[Exercise]:
Copy all entries verbatim and keep any pictures out of the copy.
--------------------
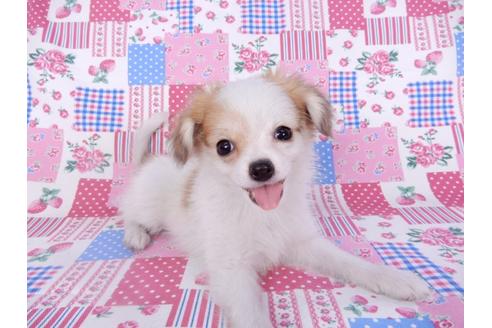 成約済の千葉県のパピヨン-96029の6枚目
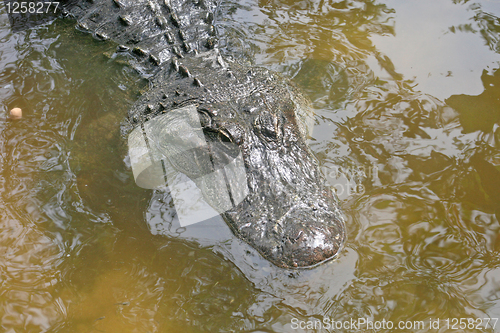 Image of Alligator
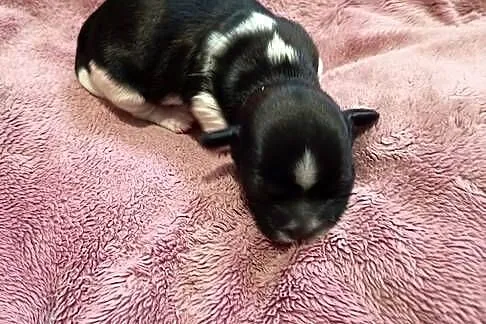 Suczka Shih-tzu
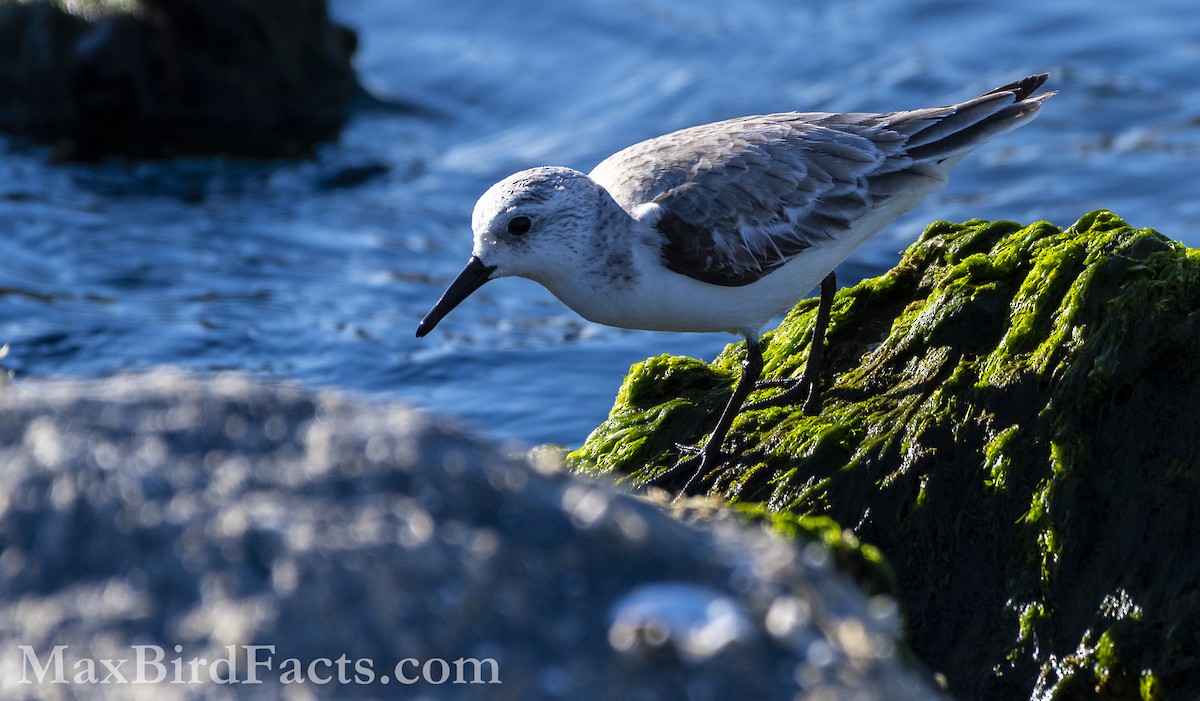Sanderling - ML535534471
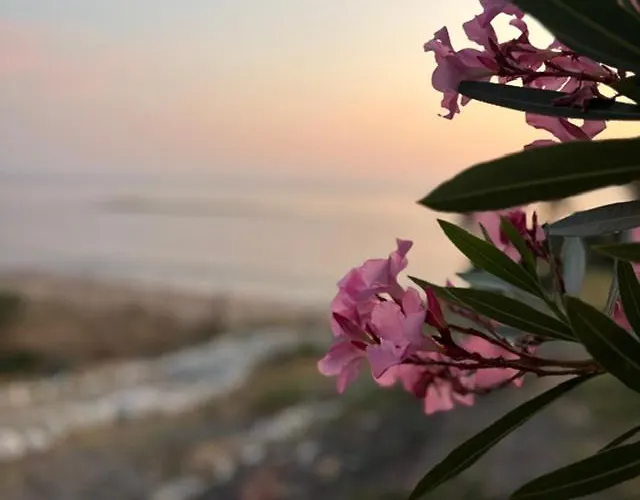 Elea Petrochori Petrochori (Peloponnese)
--------------------
[Solution to this exercise]:
 成約済の千葉県のパピヨン-96029の6枚目
 Image of Alligator
 Suczka Shih-tzu
Sanderling - ML535534471
 Elea Petrochori Petrochori (Peloponnese)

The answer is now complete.